POJ3041 Asteroids【最小顶点覆盖问题】

Description

Bessie wants to navigate her spaceship through a dangerous asteroid field in the shape of an N x N grid (1 <= N <= 500). The grid contains K asteroids (1 <= K <= 10,000), which are conveniently located at the lattice points of the grid.

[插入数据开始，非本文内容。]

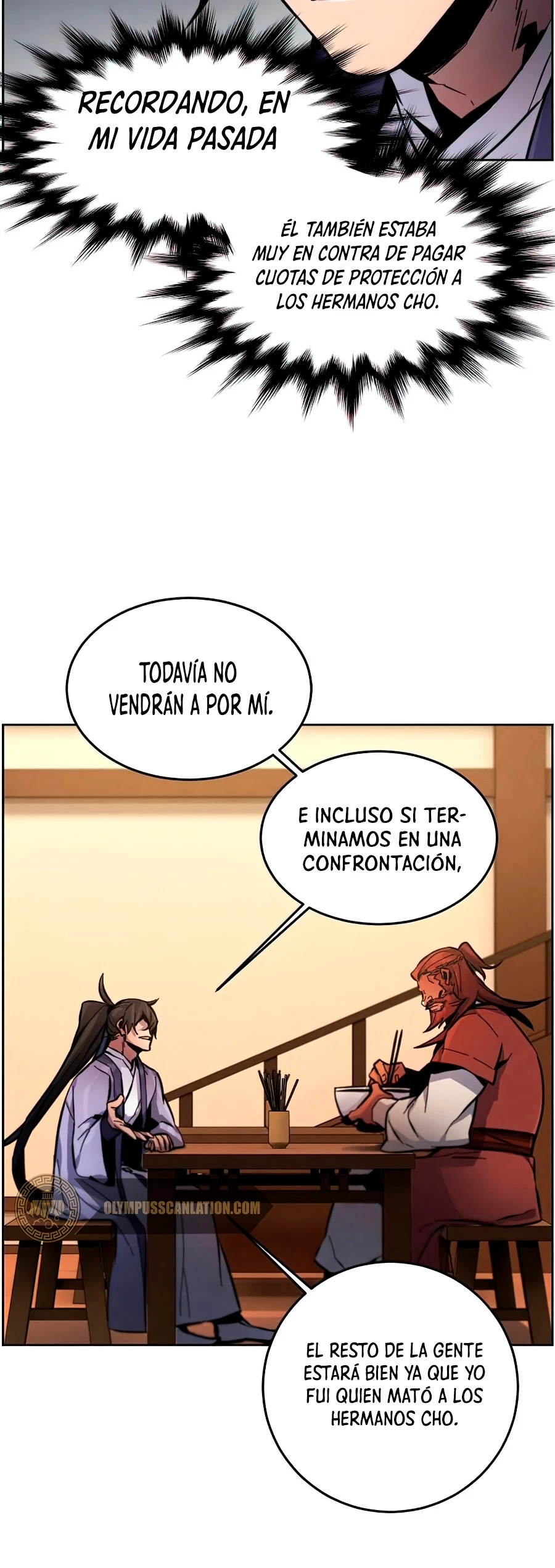 Loco Murim - Capítulo 11 - Página 16 - LectorTMOo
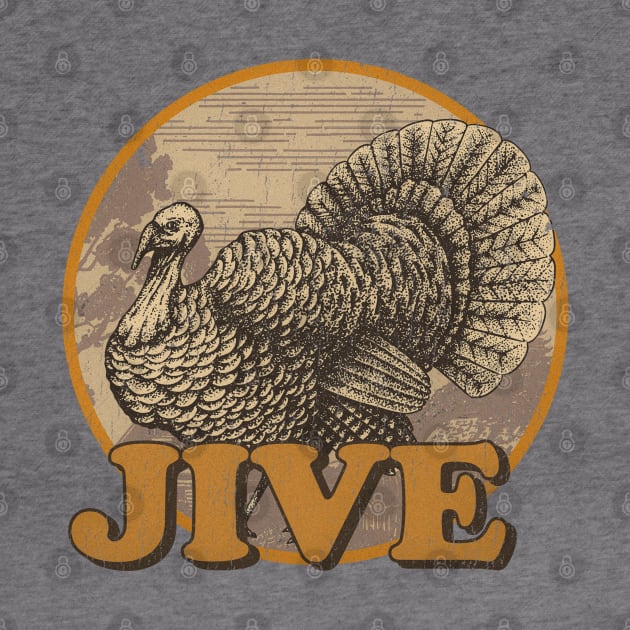 Jive-Turkey Old Logo by Swot Tren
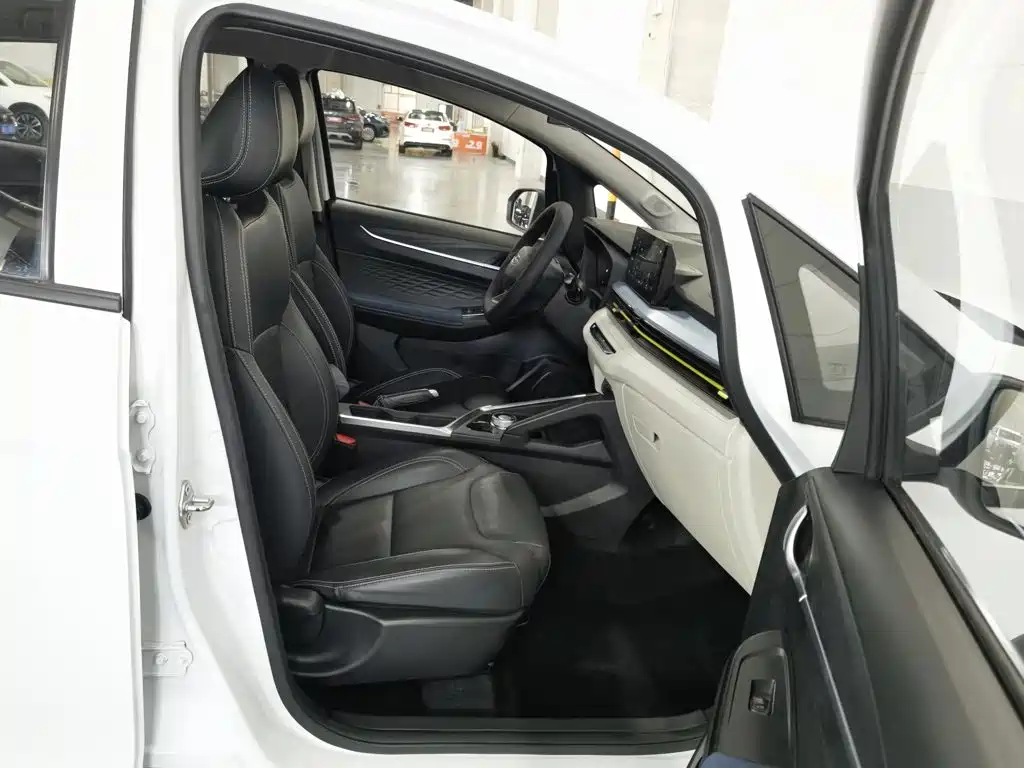 Geely Geometry EX3 Kung Fu Bull 2022 2021 Strong Bull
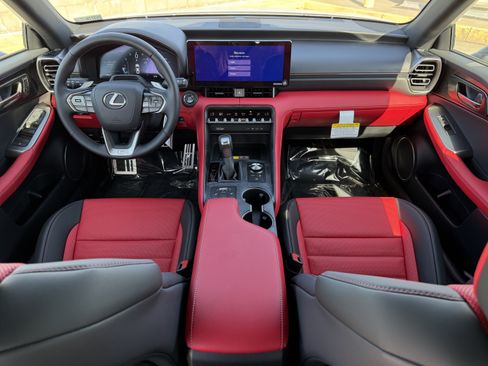New 2026 Lexus IS 350 F Sport RWD image 26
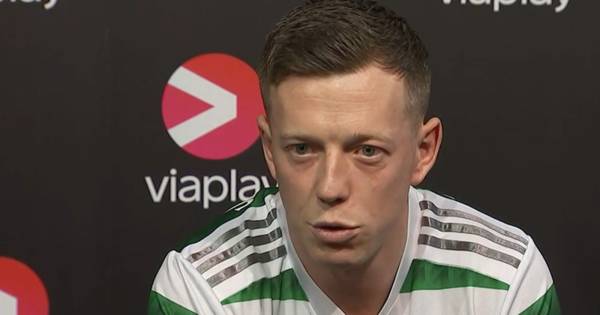 Callum McGregor addresses Celtic transfer exits as Juranovic and Giakoumakis futures ‘their own’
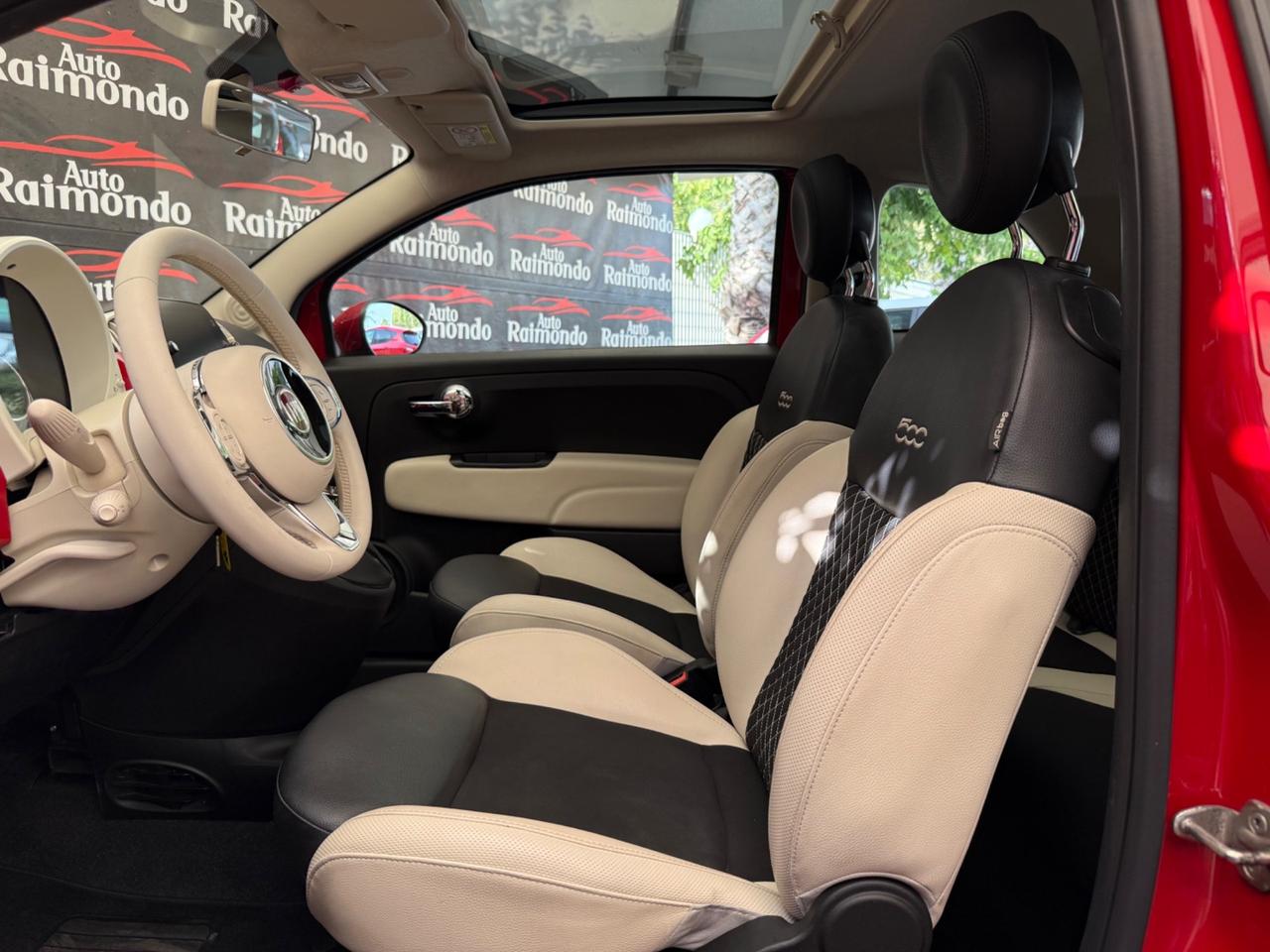Fiat 500 1.2 GPL Dolcevita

Fortunately, Bessie has a powerful weapon that can vaporize all the asteroids in any given row or column of the grid with a single shot.This weapon is quite expensive, so she wishes to use it sparingly.Given the location of all the asteroids in the field, find the minimum number of shots Bessie needs to fire to eliminate all of the asteroids.

Input

* Line 1: Two integers N and K, separated by a single space.
* Lines 2..K+1: Each line contains two space-separated integers R and C (1 <= R, C <= N) denoting the row and column coordinates of an asteroid, respectively.

Output

* Line 1: The integer representing the minimum number of times Bessie must shoot.

Sample Input

3 4
1 1
1 3
2 2
3 2

Sample Output

2

Hint

INPUT DETAILS:
The following diagram represents the data, where "X" is an asteroid and "." is empty space:
X.X
.X.
.X.

OUTPUT DETAILS:
Bessie may fire across row 1 to destroy the asteroids at (1,1) and (1,3), and then she may fire down column 2 to destroy the asteroids at (2,2) and (3,2).

解题思路

题目大意:给一个N*N的矩阵,有些格子有障碍,要求我们消除这些障碍,问每次消除一行或一列的障碍,最少要几次。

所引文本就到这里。